One in a Thousand (2021)
Clarisa Navas' returns to the housing projects where she grew up and borrows from her own experience to inform her triumphantly immersive sophomore feature. Amid societal pressure and familial conflict, Iris (Sofia Cabrera) gravitates to Renata (Ana Carolina Garcia) while local gossip swirls around them. Sleeveless shirts and basketball shorts are their outfits of choice as the pair shelter in the shade to avoid the blistering Argentinian sun and the watchful eyes of their neighbours. As Iris' attraction lingers like simmering heat after sunset, this tale of lesbian tenderness has plenty of drama to go around.

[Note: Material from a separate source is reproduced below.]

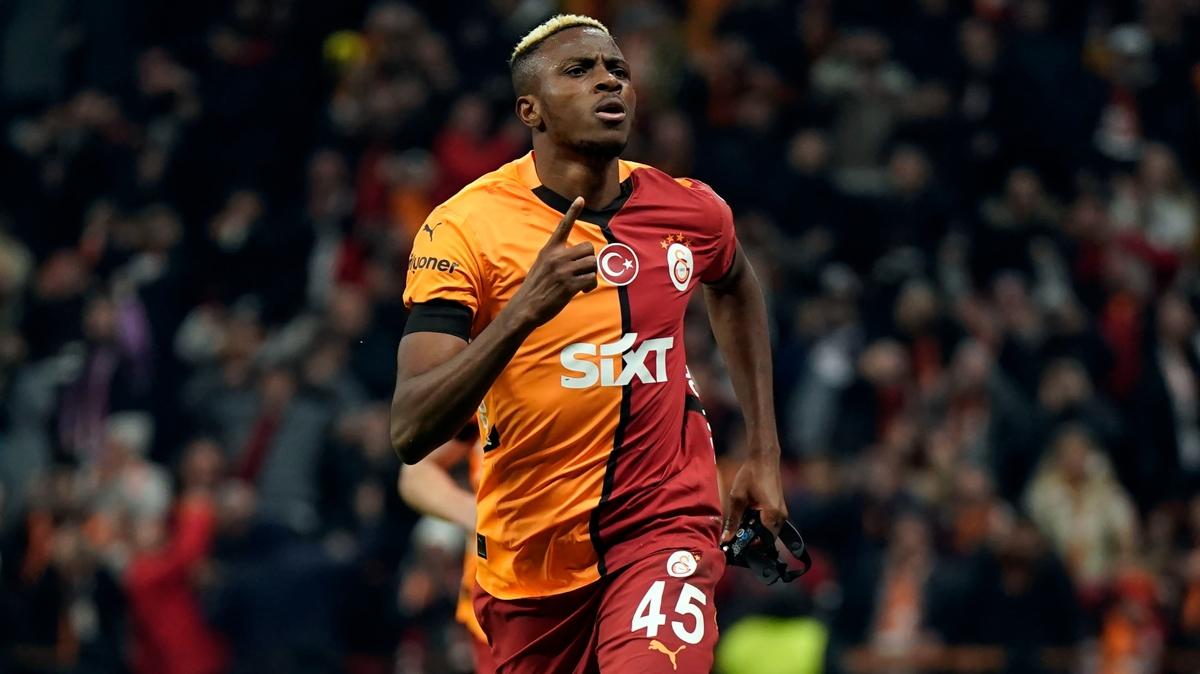 Galatasaray'dan Osimhen iin rekor teklif! te Napoli'nin verdii cevap...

A hit at BFI Flare and Glasgow Film Festival, British filmmaker Marley Morrison delivers a real crowd pleaser with Sweetheart. On a family holiday at a seaside caravan park, teen angst personified: AJ, played by the brilliant Nell Barlow, meets a local lifeguard (Ella-Rae Smith), who throws a spanner in AJ's summer plans of moping. Come for the cheap beers and late-night, all-inclusive entertainment; stay for the brazen and heartfelt lesbian romance on the coast. Quintessentially British, where the sun's presence is both fleeting and glorious, Sweetheart is a gem that will be released later this year so keep an eye out!